-- Records provided follows --
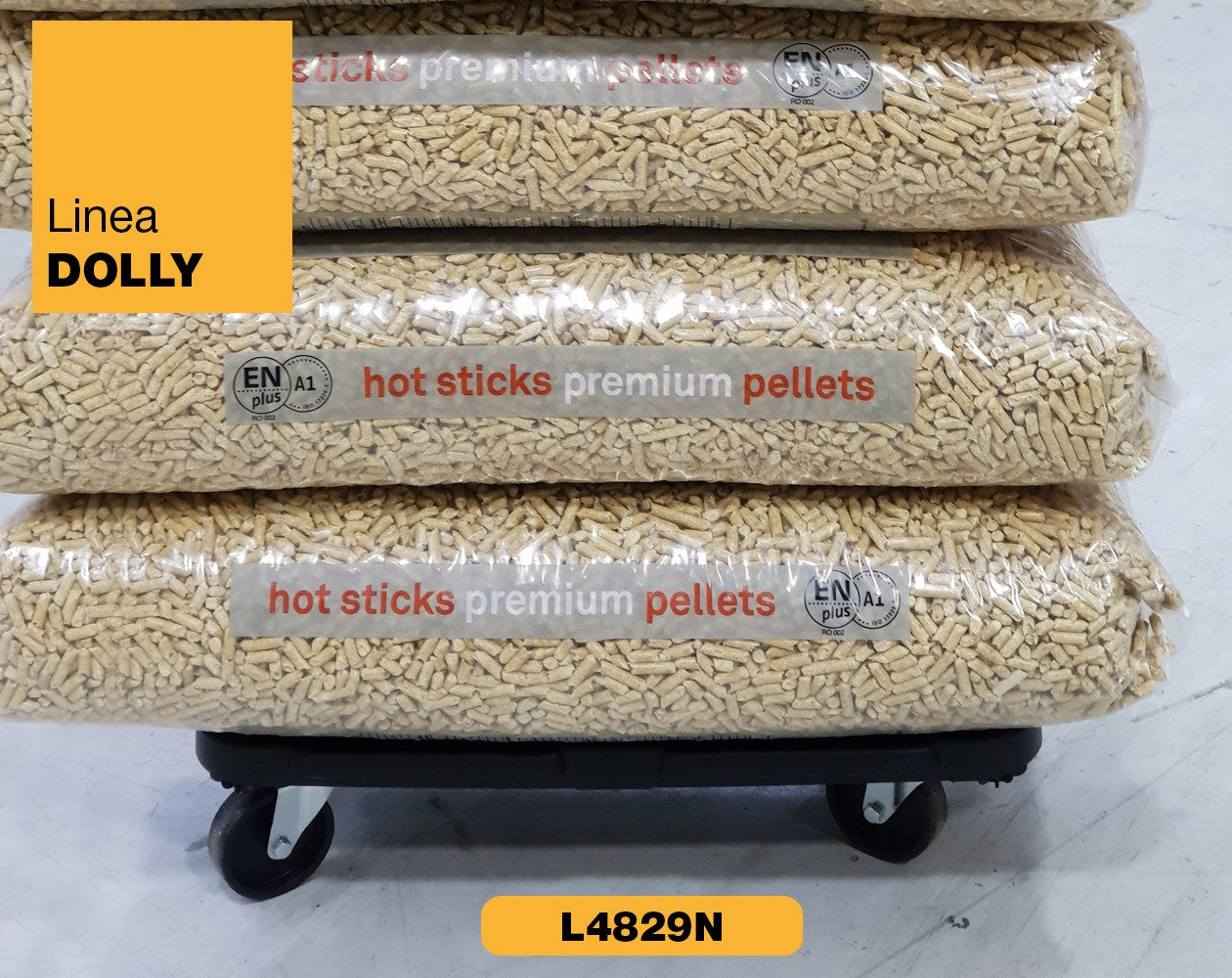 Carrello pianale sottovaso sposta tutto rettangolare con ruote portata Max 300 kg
-- Records provided concluded --
-- Records provided follows --
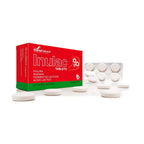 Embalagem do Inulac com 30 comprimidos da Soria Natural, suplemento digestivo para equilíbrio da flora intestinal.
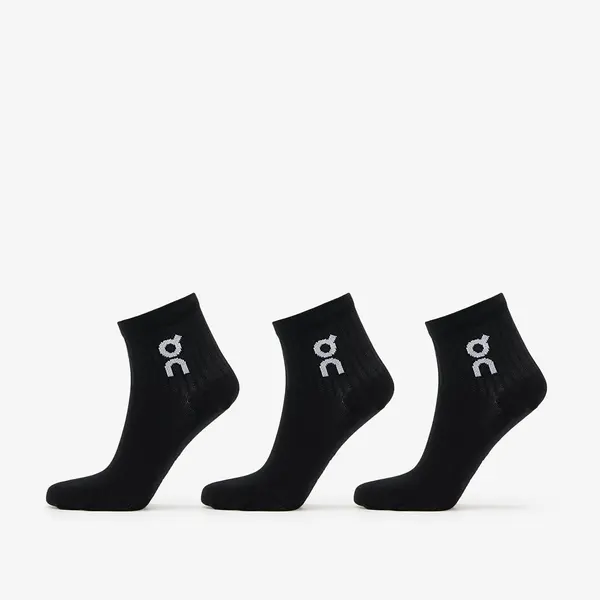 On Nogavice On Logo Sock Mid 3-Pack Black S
-- Records provided concluded --
-- Records provided follows --
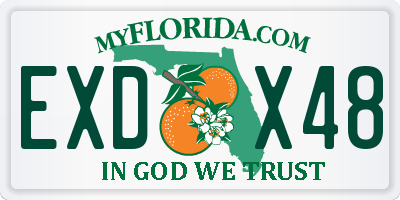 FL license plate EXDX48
-- Records provided concluded --
_Instructions for the task_
Since the pictures are not part of the copy, please transcribe only the lines above from the one with "Embalagem do Inulac" through the one with "On Nogavice On Logo Sock Mid 3-Pack Black S", exactly and with both ends.

_Output of the exercise_
 Embalagem do Inulac com 30 comprimidos da Soria Natural, suplemento digestivo para equilíbrio da flora intestinal.
 On Nogavice On Logo Sock Mid 3-Pack Black S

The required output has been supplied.